The National Association of Broadcasters may regret asking Tim Robbins to give the keynote address at its annual gathering in Las Vegas yesterday. In a calling to account matched only by Stephen Colbert’s White House Correspondents Dinner speech in satire and sarcasm, the actor took it to the NAB for obsessing over the latest celebrity sex scandal, subscribing to narrow viewpoints and, in the case of radio broadcasters, adhering to a "national playlist" of music.
He launched into an apology to conservative talkers Rush Limbaugh, Sean Hannity, Bill O’Reilly "and Laura whatshername," noting that all had labeled him traitorous or unpatriotic for having called for more time to be given to U.N. weapons inspectors before deploying military force against Iraq.

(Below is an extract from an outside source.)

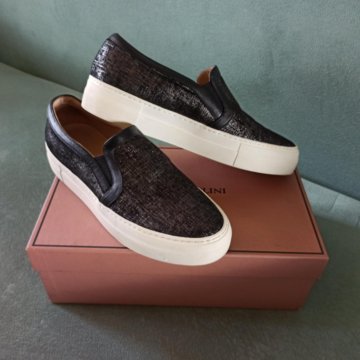 Слипоны женские Carlo Pazolini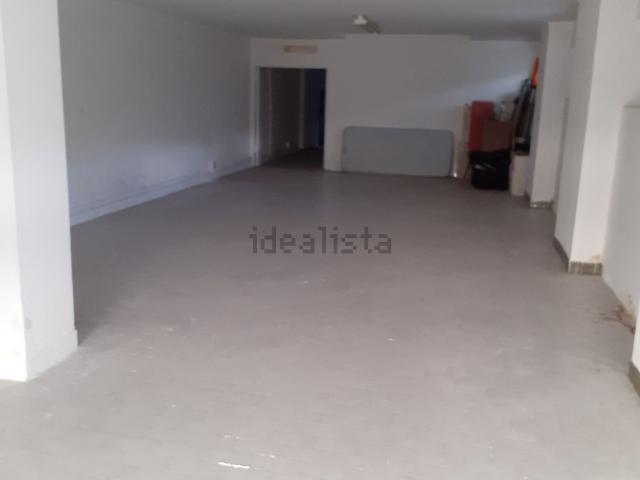 Locale in affitto di 110 m² in Via Antonio Amato, 174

"They said I was a dupe of left-wing appeasement ... and how right they were," Robbins quipped. "Had I known then of all the smiling faces" that now populate Iraq, "the wildfire of democracy that is spreading throughout the Middle East," he would not have spoken as he did, he said.
He added that he can see now that his words were indeed "traitorous, unfounded and irresponsible, so I apologize to the talkradio geniuses."
Robbins also took on the issue of media consolidation – in front of a crowd that supports it:
The fun started to get uncomfortable when Robbins referred to both the Reagan and Clinton administrations having eased limitations on media ownership -- all to the "benefit" of communities, which then no longer had to listen to diverse, complex opinions "or alternative rock." NAB has supported relaxing ownership rules.
He ended nicely with an appeal to the broadcasters to help turn the nation away from cynicism, to act as "guardians of the human spirit".